What Works: The chemistry between actor and director, this is the 4th film Zaror and Espinoza have worked on together, is very apparent in the scenes. This results in action sequences that work well for the most part. They’re gory, and every punch lands so hard you can feel it through the screen. Martial arts fanatics will definitely get a kick out of some of the choreography. Pardo also has a backstory that is slowly revealed in flashbacks throughout the film. Though at first they may seem a bit tacky and questionable, they work in delivering a satisfying conclusion to the character’s arc. It also allows for Zaror to showcase his acting chops, which have really improved since the days he was a mere stunt-double for Dwayne Johnson in The Rundown.
What Doesn’t Work: The film is somewhat of a slow burn.
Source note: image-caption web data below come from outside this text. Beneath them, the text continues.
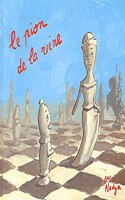 Le pion de la reine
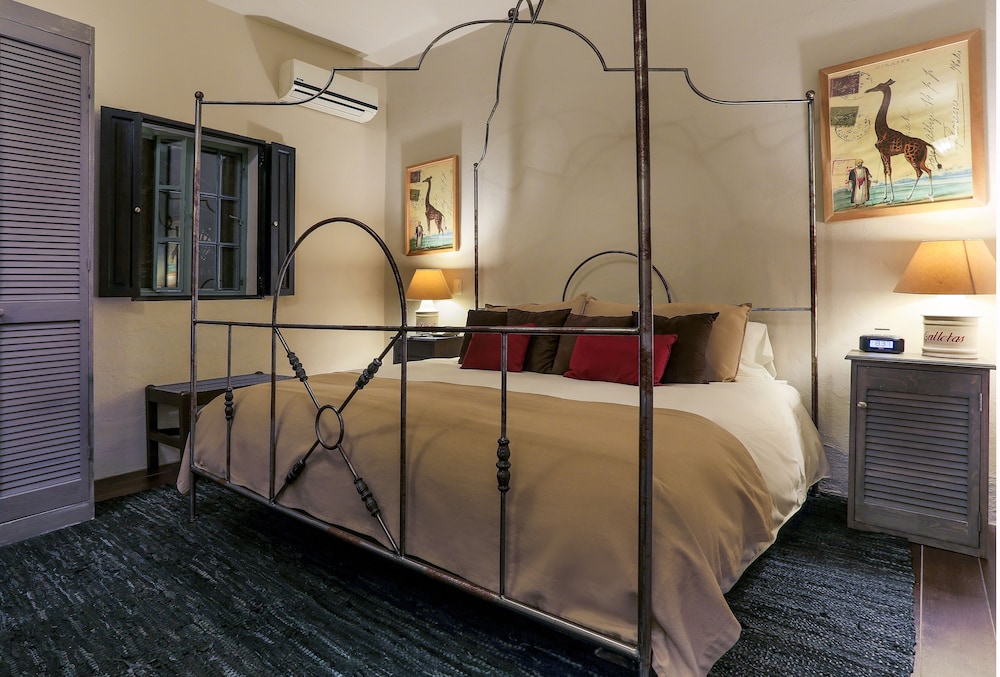Camera familiare, 2 camere da letto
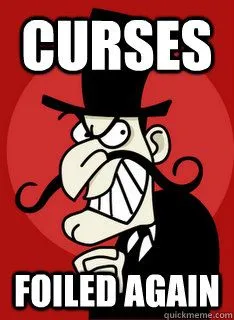 curses-foiled-again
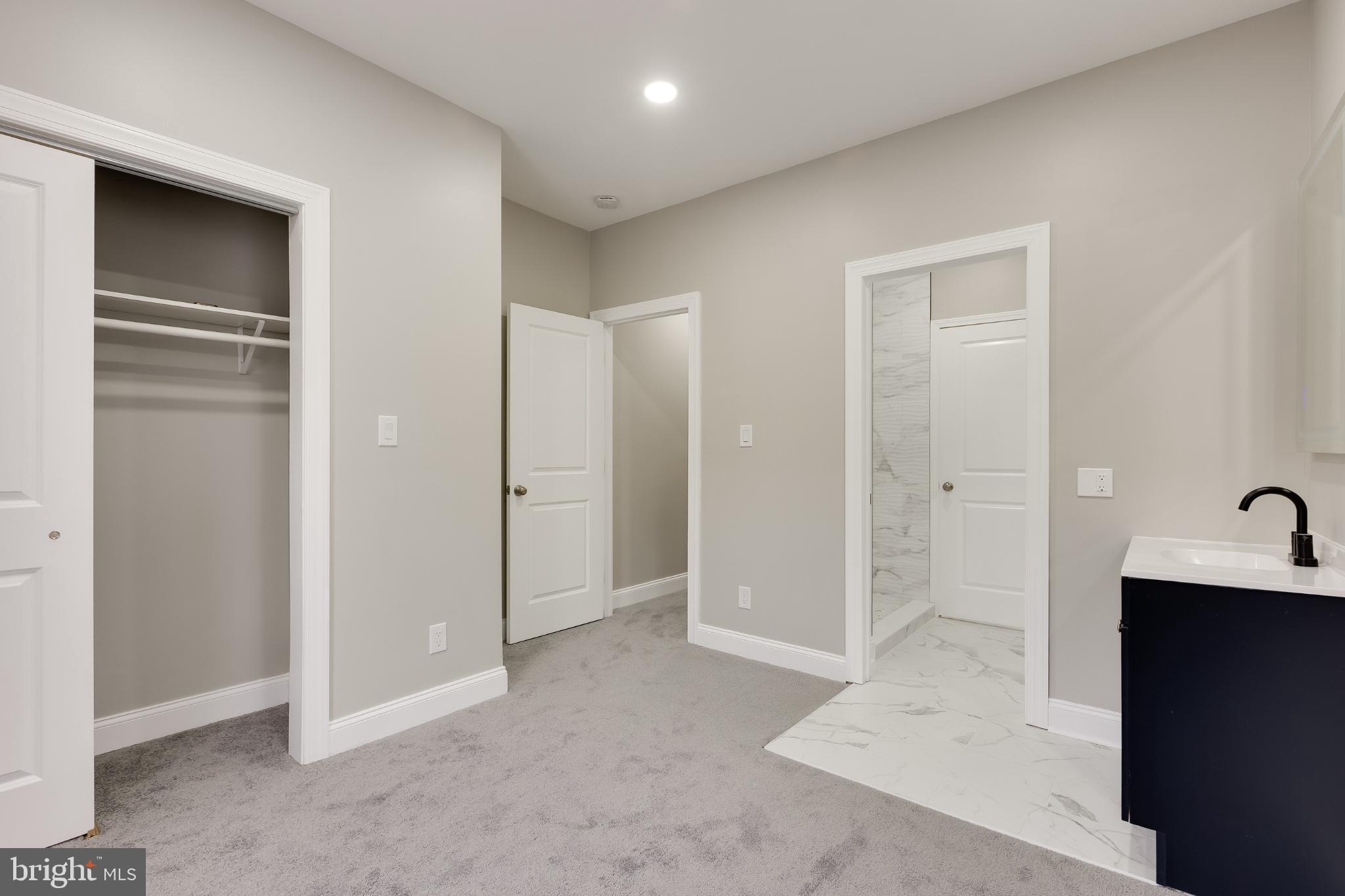 5239 Arch Street Philadelphia, PA 19139 - Photo 25 of 36 Modern space with sleek design elements.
It tries very hard to be a much darker and serious film. This takes away from the fun of it being a simple action movie. While the fight sequences tend to deliver, there are moments when they begin to feel tiresome. Pardo can do no wrong. At one point he’s surrounded by nearly a dozen men, all with some kind of firearm pointed at him, but he is able to take them all out with his bare hands. Cool, sure, but it takes away any sense of urgency from the scene. These scenes also begin to overuse a slow-motion effect that adds no flavor to action. The religious and vigilante undertones are also a bit much; Pardo tends to pose in a very heroic (think Batman) stance every time he approaches a group of baddies. It grows silly and tiresome after the first few times and you just have to wonder how his hood stays on for the entire fight. Redeemer also suffers from plot inconsistencies that are too glaring to ignore. They don’t serve the story well nor do they allow for any other character to grow and develop.
Pay or Nay: Nay. Fans of martial arts films may get a kick from Redeemer, however, it’s not a film one should run out to see. While the ride can deliver in certain moments, it even has an interesting protagonist to back it up, it is too uneven to fully enjoy. Chilean native director Ernesto Diaz Espinoza tries a bit too hard to deliver a film that’s darker than it should be. Skip this film and rest assured you won’t be missing much.